I don't think there is anything wrong with your communication. There is nothing wrong with Matt's either (or neither?), but i often don't agree with him. I have a completely different opinion about football (and now i'm talking real football, not PES) than him. His (imo) wrong view about football 'colours' his criticism about PES, and makes it somewhat invalid for me, no matter how good he makes his point with excerpts of PES matches... Don't ask me an example now, because that is almost impossible to give... Damn i will try one, but i'm almost sure that i will not be able to prove my point.
Matt showed a video of a specific situation were a defender had to make a choice and where he was convinced that the AI defender made the wrong choice. I remember that the weekend before his post in a match against Liverpool, an opponent's defender made exactly the same choice and Coutinho scored. Pundits in the studio claimed (with the benefit of hindsight) that the defender made the wrong choice and should have stepped forward to block Coutinho. In that case Coutinho could have played a simple pass to another Liverpool attacker who should have scored...this was exactly what happened in the PES video.
To put it simplistic, Matt asks perfection from the AI, irl you don't see perfection.
A lot of stick Konami gets is exagerated and even culturally determined. An example: the backheels. There are too many backheels... Lots of people on this (English) forum will agree with that statement. A couple of weeks ago, Chelsea played one of their best matches of the season and this against Brighton. Hazard, Willian and Batschuayi (according to lots of Belgian fans he is a much better forward than Lukaku) had some wonderfull interplay including quite a few backheels. James Richardson and his guests discussed this match in the Totally Football podcast and i heard Richardson say that English people don't like backheels. The same day Gabriël Marcotti and his guests talked about the same match and they also said that English football fans don't like backheels. South American people love technical skills and backheels and Konami does target South America...
I'm not specially defending Konami, because imo they really deserve some stick, but some of the things that are criticised are the wrong things (backheels for example).
One could 'tune' the amount of backheels with sliders...for example let the choice between different styles: English, German, Italian, Spanish and South American...
Sorry to jump in. I do agree with a lot of what's written here.
But the thing with backheels is, most of us (I even dare say NONE OF US) don't play real 45 minutes halves in PES. I'd bet we play 6, 7... maybe 10 minutes halves at most. So a lot of those automatic (this is the key word behind it all: automatic) backheels happen way too much, way too often, contained within those short matches. So the feeling you are left with by the time the match ends is that you remember seeing too many backheels compressed in such a short time frame. And, again, most of those backheels are decided automatically by the game, instead of forcing some other animation.
The same case scenario goes for fouls. One foul (IF one) in a 20 minutes match doesn't seem good enough. Take a real life football match at random and watch the first 20 minutes of it.
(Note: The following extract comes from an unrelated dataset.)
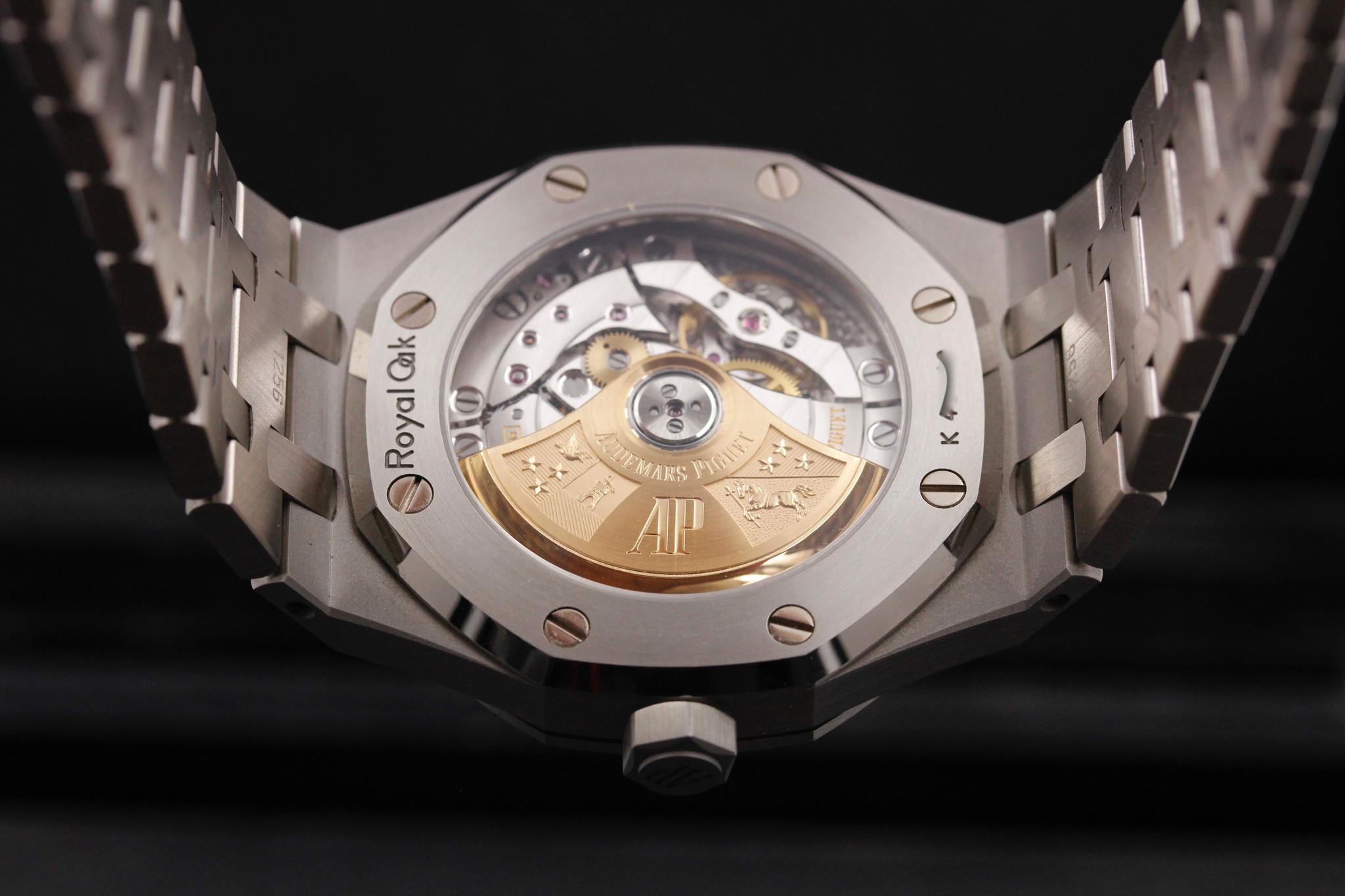 Watch Image 8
I bet you, you'll see a lot more than 1 foul in 20 minutes.
I tend to disagree with Matt in many aspects as well. But if there's one thing that I agree with him a lot, is in players positioning and the battle for midfield, or... lack of. PES 2015, 2016, 2017 AND 2018 just aren't realistic AT ALL in this areas. Teams are split in two. Defense ------------- Attack. No in-between. You can get from you own box to 3/4 of your opponent's half with a pass or a lob, just because all there's a huge gap in between all that.
But I take that as a design choice. In fact, I know it's a design choice. They made all these years' games like that on purpose. They want the game to be broken and split in two like that. They want to give us that feeling of back and forth. Rushing from one box to the other. Getting a lot of scoring chances every match. When in reality, these matches should be an exception. They should somehow exist within the game, because we've all witnessed some electrifying, exciting matches like that in real life (recently, Liverpool V.S Manchester City, for example) but they should be nothing more than an exception and not a general rule.
If they could somehow get back the battle that existed in PES 2014, with the individuality of PES 2013, the animations and graphics of 2018, the variety in shooting that we had in PES 5-6, along with some new ideas and implementations, PES would be unbeatable.